ENTRIES SUPPLIED
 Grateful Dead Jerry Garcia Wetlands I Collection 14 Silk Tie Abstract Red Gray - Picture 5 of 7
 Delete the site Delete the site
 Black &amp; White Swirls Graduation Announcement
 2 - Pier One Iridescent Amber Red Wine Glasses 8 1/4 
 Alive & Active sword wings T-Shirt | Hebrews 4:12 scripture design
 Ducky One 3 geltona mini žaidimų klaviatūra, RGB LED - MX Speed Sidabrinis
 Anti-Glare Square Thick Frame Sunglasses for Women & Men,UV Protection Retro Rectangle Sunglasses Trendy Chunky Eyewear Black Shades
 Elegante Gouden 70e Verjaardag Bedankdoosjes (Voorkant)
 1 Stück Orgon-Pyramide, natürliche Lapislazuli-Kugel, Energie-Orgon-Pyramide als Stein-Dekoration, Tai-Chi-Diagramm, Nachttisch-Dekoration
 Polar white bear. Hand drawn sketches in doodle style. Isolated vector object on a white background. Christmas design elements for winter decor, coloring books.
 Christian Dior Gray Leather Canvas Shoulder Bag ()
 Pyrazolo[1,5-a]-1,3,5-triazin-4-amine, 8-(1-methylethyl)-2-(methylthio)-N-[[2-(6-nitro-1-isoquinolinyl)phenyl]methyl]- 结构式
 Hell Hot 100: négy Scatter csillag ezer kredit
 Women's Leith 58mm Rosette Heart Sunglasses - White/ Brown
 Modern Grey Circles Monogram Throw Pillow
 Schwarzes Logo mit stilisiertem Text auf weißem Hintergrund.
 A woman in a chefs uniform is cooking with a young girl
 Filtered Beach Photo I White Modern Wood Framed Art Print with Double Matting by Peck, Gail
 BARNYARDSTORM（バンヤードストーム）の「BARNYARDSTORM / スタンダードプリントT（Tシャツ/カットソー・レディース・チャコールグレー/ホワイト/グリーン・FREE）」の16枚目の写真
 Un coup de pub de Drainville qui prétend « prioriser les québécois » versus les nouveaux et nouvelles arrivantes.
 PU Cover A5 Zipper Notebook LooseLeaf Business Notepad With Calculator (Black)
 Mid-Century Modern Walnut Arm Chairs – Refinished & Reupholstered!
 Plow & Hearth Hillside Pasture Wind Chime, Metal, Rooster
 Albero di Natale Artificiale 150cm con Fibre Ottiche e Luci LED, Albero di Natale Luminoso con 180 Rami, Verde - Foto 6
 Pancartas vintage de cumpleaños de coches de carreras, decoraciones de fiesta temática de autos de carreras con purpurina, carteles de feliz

TO DO
Repeat the whole of the data verbatim, as it reads above.

SOLUTION TO THIS PROBLEM
 Grateful Dead Jerry Garcia Wetlands I Collection 14 Silk Tie Abstract Red Gray - Picture 5 of 7
 Delete the site Delete the site
 Black &amp; White Swirls Graduation Announcement
 2 - Pier One Iridescent Amber Red Wine Glasses 8 1/4 
 Alive & Active sword wings T-Shirt | Hebrews 4:12 scripture design
 Ducky One 3 geltona mini žaidimų klaviatūra, RGB LED - MX Speed Sidabrinis
 Anti-Glare Square Thick Frame Sunglasses for Women & Men,UV Protection Retro Rectangle Sunglasses Trendy Chunky Eyewear Black Shades
 Elegante Gouden 70e Verjaardag Bedankdoosjes (Voorkant)
 1 Stück Orgon-Pyramide, natürliche Lapislazuli-Kugel, Energie-Orgon-Pyramide als Stein-Dekoration, Tai-Chi-Diagramm, Nachttisch-Dekoration
 Polar white bear. Hand drawn sketches in doodle style. Isolated vector object on a white background. Christmas design elements for winter decor, coloring books.
 Christian Dior Gray Leather Canvas Shoulder Bag ()
 Pyrazolo[1,5-a]-1,3,5-triazin-4-amine, 8-(1-methylethyl)-2-(methylthio)-N-[[2-(6-nitro-1-isoquinolinyl)phenyl]methyl]- 结构式
 Hell Hot 100: négy Scatter csillag ezer kredit
 Women's Leith 58mm Rosette Heart Sunglasses - White/ Brown
 Modern Grey Circles Monogram Throw Pillow
 Schwarzes Logo mit stilisiertem Text auf weißem Hintergrund.
 A woman in a chefs uniform is cooking with a young girl
 Filtered Beach Photo I White Modern Wood Framed Art Print with Double Matting by Peck, Gail
 BARNYARDSTORM（バンヤードストーム）の「BARNYARDSTORM / スタンダードプリントT（Tシャツ/カットソー・レディース・チャコールグレー/ホワイト/グリーン・FREE）」の16枚目の写真
 Un coup de pub de Drainville qui prétend « prioriser les québécois » versus les nouveaux et nouvelles arrivantes.
 PU Cover A5 Zipper Notebook LooseLeaf Business Notepad With Calculator (Black)
 Mid-Century Modern Walnut Arm Chairs – Refinished & Reupholstered!
 Plow & Hearth Hillside Pasture Wind Chime, Metal, Rooster
 Albero di Natale Artificiale 150cm con Fibre Ottiche e Luci LED, Albero di Natale Luminoso con 180 Rami, Verde - Foto 6
 Pancartas vintage de cumpleaños de coches de carreras, decoraciones de fiesta temática de autos de carreras con purpurina, carteles de feliz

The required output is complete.